Exercise aim>
The line that contains "Hotelli Piculin Alpin Apartments" marks the end: retype the data below exactly from its first line through that line.

++++ Supplied data

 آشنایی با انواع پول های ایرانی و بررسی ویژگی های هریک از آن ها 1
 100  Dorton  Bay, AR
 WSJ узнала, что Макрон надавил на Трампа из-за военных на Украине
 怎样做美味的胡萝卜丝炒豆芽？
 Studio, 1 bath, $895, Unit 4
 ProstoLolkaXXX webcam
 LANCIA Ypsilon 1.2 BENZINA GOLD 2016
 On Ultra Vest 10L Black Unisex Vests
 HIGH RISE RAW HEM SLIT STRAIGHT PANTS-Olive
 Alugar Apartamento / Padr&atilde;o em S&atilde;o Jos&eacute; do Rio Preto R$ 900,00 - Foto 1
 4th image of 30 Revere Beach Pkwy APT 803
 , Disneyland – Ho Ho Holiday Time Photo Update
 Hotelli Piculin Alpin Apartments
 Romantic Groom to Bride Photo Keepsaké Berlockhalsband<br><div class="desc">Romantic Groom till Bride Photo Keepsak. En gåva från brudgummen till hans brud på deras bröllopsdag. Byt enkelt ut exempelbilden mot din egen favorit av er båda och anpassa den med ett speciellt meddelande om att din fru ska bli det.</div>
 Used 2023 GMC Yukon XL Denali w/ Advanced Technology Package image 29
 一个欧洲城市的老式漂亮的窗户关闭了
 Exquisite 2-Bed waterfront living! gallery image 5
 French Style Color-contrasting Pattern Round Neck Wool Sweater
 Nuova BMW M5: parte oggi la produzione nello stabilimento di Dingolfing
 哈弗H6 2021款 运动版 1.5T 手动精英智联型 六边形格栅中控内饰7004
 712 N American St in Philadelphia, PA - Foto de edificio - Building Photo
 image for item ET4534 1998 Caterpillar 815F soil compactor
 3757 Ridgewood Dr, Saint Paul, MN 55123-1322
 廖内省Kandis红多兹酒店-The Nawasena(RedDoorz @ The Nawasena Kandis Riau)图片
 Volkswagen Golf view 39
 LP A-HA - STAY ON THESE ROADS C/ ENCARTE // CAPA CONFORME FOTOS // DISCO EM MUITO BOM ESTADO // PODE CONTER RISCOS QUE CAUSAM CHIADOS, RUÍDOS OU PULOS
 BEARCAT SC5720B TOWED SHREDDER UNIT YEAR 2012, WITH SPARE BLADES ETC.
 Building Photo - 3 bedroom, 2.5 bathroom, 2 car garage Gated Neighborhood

++++++++

Task result>
 آشنایی با انواع پول های ایرانی و بررسی ویژگی های هریک از آن ها 1
 100  Dorton  Bay, AR
 WSJ узнала, что Макрон надавил на Трампа из-за военных на Украине
 怎样做美味的胡萝卜丝炒豆芽？
 Studio, 1 bath, $895, Unit 4
 ProstoLolkaXXX webcam
 LANCIA Ypsilon 1.2 BENZINA GOLD 2016
 On Ultra Vest 10L Black Unisex Vests
 HIGH RISE RAW HEM SLIT STRAIGHT PANTS-Olive
 Alugar Apartamento / Padr&atilde;o em S&atilde;o Jos&eacute; do Rio Preto R$ 900,00 - Foto 1
 4th image of 30 Revere Beach Pkwy APT 803
 , Disneyland – Ho Ho Holiday Time Photo Update
 Hotelli Piculin Alpin Apartments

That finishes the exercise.